Important notes about light
Light is made up of lots of tiny waves. These waves have different frequencies that can be seen as different colours. Mixing the different frequencies will result in different colours, just like mixing paint. But unlike paint when you mix all the visible frequencies together you will get white and not black. This is important to know as when you use a filter you and adjusting those tiny waves in one way out an other. Light waves bounce of different colours and surfaces differently, some surfaces/colours reflect light well and others don’t. Its these reflected light waves that are generally interesting when using a Pol filter.
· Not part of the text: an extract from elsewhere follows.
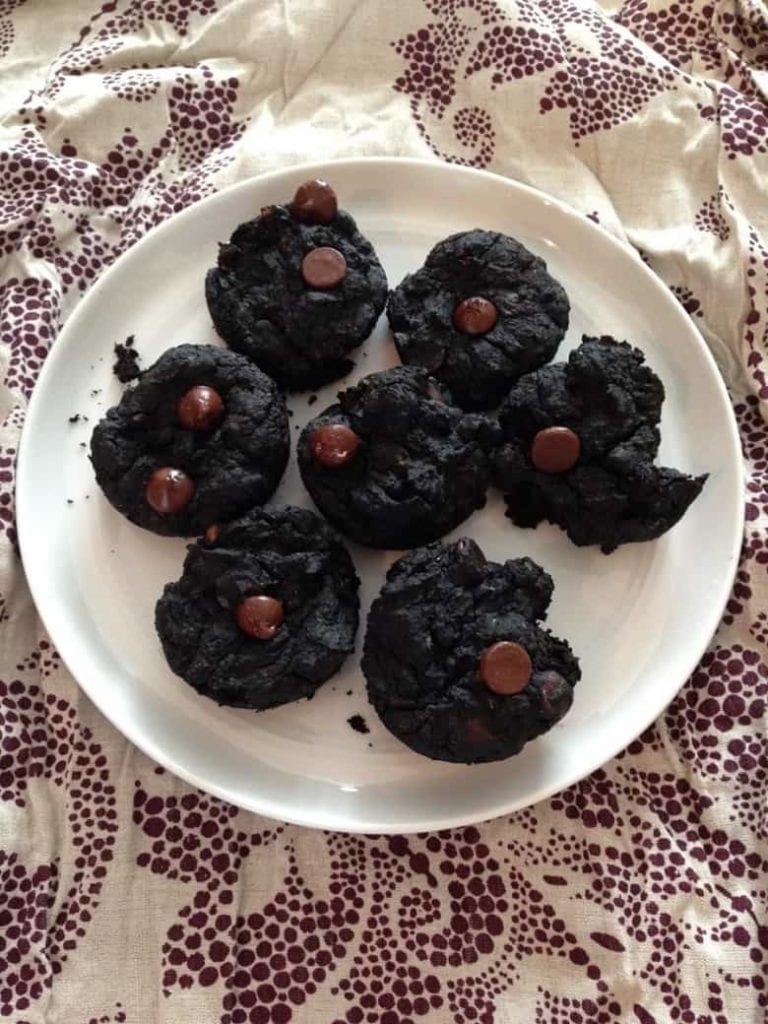 black bean brownies on white plate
When light hits the lens opening it may be coming from all directions, creating reflections or highlights that are unwanted. Unlike the ND filters that simply darken down an exposure a pol filter will only allow light waves that are travelling in a specified direction through the filter.
As you can see the waves of unpolarised light (coloured blue for this example, on the left) are travelling at 90 degrees to the other waves. A pol filter will filter light waves travelling in a specific direction there for the waves travelling in the “wrong” direction are filtered out. If you turned the filter 90 degrees it would only allow the light waves through that are blocked in this example.